(INSTRUCTIONS FOR THE TASK): Whenever a line in the material below includes "Garden", copy that line.

• • •

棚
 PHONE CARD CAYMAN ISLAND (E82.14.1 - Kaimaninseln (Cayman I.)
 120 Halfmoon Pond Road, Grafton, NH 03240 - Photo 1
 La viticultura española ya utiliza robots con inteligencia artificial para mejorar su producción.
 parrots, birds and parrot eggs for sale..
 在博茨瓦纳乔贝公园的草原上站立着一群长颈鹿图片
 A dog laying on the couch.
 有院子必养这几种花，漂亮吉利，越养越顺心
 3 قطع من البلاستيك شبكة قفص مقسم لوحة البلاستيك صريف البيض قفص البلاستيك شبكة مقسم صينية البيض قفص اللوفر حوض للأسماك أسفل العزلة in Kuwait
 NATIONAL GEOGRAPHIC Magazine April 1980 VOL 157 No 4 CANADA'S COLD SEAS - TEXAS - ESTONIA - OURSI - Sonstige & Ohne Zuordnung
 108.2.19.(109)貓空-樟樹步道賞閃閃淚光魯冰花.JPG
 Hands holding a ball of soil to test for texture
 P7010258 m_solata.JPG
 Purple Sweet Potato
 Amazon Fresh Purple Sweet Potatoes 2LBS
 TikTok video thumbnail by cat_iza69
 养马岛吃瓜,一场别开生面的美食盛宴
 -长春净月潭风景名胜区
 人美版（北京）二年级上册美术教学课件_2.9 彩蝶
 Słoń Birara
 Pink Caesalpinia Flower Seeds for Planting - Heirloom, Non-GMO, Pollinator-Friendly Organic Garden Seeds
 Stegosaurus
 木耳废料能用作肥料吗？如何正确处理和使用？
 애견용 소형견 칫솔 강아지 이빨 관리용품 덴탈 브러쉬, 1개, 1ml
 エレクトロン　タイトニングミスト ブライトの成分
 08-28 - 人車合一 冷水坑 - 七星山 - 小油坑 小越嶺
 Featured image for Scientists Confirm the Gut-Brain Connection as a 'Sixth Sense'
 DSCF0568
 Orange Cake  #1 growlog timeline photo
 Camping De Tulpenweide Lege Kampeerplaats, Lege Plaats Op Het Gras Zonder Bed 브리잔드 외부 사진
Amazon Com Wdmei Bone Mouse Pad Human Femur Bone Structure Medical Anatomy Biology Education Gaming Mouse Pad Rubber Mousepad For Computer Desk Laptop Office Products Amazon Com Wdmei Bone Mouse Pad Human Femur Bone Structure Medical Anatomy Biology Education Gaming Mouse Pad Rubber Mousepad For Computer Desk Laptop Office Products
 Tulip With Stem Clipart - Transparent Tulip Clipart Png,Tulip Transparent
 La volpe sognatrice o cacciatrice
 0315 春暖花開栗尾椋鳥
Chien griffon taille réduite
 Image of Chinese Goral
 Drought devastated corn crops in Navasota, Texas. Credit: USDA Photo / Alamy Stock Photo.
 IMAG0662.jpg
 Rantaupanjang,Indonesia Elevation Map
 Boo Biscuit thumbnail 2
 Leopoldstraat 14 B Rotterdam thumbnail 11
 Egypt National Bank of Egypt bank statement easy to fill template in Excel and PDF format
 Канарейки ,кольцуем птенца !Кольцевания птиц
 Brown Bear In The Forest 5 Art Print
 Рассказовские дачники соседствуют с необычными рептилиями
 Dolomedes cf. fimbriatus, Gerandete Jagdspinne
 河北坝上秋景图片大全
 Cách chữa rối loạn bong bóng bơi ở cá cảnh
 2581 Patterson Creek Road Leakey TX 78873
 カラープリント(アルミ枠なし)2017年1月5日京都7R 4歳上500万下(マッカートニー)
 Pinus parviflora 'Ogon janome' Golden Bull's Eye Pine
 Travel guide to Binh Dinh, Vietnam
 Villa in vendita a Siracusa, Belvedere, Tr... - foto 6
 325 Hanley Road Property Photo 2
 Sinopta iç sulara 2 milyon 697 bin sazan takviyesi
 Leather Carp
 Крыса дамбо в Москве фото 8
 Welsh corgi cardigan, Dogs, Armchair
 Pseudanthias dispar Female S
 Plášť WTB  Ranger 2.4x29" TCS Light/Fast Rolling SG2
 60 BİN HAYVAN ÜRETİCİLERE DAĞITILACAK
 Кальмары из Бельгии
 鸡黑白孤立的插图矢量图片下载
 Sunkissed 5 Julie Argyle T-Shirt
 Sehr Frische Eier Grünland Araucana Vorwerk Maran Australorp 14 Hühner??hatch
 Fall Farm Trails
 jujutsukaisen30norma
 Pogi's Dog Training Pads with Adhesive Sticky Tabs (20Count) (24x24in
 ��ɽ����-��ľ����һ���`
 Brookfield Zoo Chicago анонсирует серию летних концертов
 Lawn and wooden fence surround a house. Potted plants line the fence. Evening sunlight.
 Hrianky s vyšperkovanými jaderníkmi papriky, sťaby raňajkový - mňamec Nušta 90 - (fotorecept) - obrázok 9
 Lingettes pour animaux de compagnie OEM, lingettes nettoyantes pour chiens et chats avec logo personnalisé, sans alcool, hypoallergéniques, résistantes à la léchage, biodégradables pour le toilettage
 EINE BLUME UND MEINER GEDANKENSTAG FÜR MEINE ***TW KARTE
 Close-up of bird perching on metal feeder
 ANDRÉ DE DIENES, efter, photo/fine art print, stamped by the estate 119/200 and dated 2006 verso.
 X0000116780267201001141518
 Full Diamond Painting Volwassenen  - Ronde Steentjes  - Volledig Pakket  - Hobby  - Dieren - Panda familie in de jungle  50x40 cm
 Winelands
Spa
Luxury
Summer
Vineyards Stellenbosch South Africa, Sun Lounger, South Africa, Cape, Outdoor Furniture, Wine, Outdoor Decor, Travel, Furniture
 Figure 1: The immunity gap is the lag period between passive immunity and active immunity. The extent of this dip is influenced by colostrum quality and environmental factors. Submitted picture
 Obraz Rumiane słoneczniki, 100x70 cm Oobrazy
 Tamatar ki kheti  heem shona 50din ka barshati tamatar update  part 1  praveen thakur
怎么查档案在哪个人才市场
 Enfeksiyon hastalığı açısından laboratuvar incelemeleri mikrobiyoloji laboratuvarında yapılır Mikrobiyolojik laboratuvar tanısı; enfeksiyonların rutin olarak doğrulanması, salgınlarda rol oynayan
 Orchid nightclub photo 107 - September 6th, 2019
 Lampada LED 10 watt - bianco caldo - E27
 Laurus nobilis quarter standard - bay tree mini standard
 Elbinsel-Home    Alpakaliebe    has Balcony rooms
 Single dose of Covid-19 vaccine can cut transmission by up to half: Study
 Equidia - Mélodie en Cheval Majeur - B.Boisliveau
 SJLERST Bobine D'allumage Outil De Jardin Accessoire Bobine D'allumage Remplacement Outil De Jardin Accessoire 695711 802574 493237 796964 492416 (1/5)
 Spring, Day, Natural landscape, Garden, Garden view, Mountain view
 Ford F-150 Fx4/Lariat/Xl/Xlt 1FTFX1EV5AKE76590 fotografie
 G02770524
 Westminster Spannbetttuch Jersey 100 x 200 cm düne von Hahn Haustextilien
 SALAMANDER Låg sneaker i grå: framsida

• • •

(SOLUTION FOR THIS EXERCISE):
 Pink Caesalpinia Flower Seeds for Planting - Heirloom, Non-GMO, Pollinator-Friendly Organic Garden Seeds
 Spring, Day, Natural landscape, Garden, Garden view, Mountain view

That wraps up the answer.